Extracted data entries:
****************
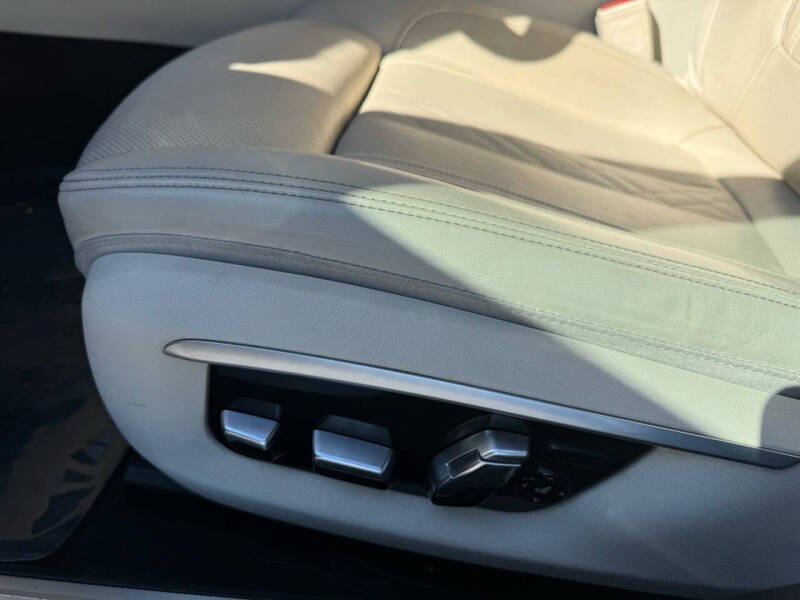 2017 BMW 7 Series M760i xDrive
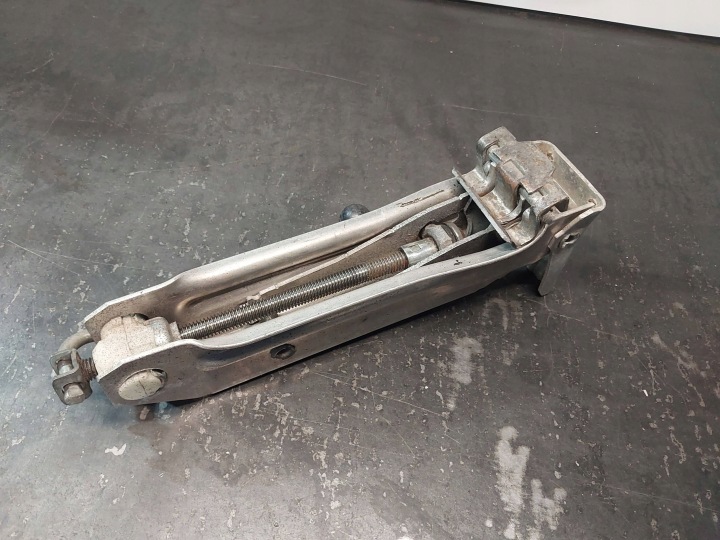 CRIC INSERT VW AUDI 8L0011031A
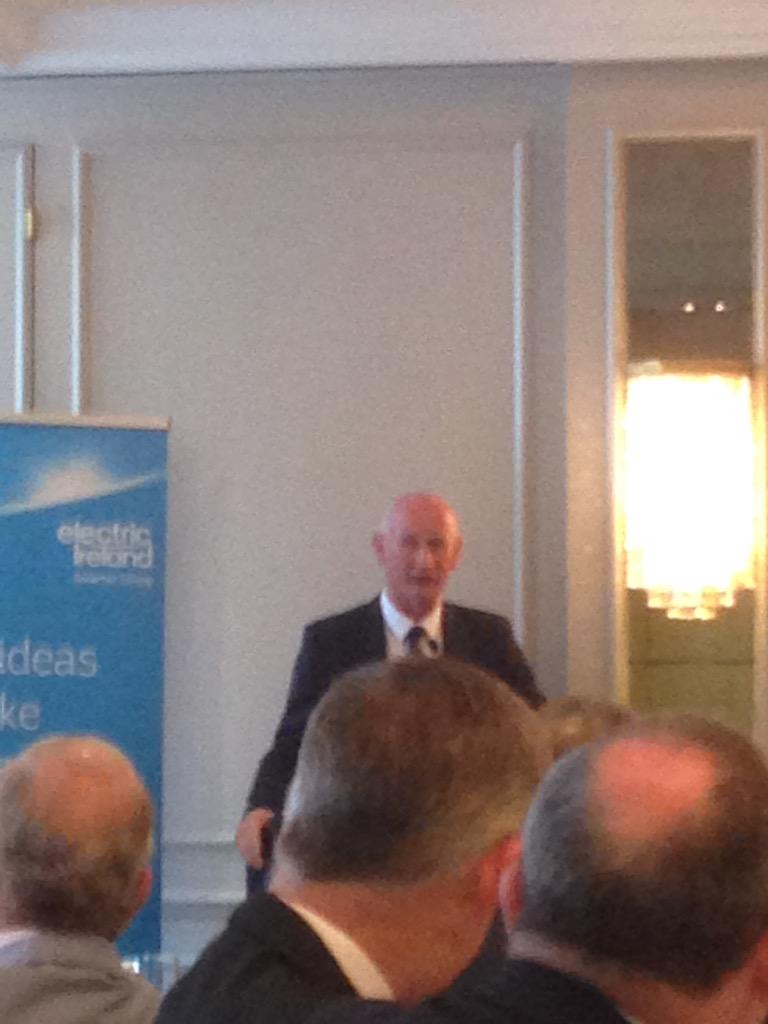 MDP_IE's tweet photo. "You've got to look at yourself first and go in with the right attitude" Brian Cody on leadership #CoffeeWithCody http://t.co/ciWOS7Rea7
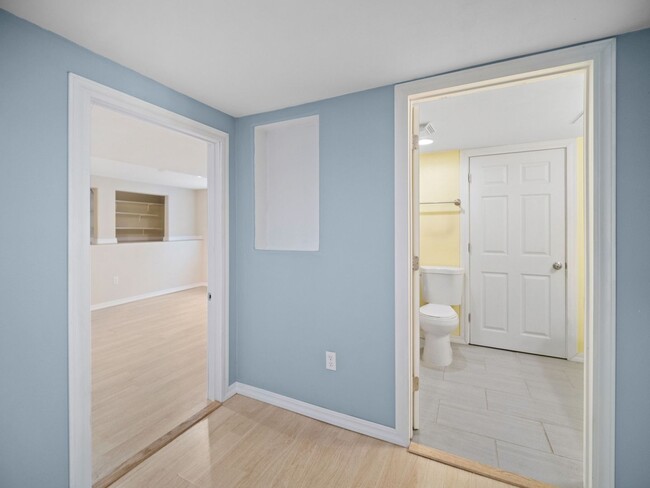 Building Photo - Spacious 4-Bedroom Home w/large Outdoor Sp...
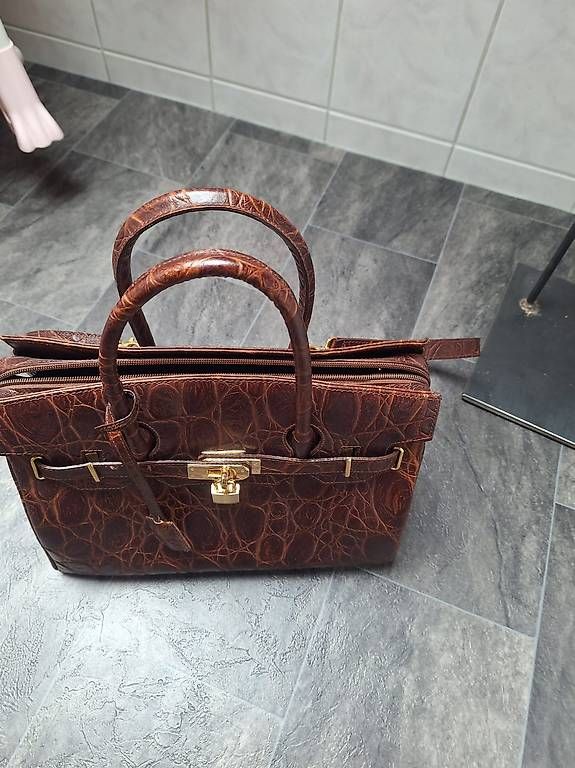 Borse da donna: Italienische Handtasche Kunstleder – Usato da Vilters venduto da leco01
****************
**Your instructions**
From the first line to the last, write out the data exactly, dropping any pictures.

**Answer space**
 2017 BMW 7 Series M760i xDrive
 CRIC INSERT VW AUDI 8L0011031A
 MDP_IE's tweet photo. "You've got to look at yourself first and go in with the right attitude" Brian Cody on leadership #CoffeeWithCody http://t.co/ciWOS7Rea7
 Building Photo - Spacious 4-Bedroom Home w/large Outdoor Sp...
 Borse da donna: Italienische Handtasche Kunstleder – Usato da Vilters venduto da leco01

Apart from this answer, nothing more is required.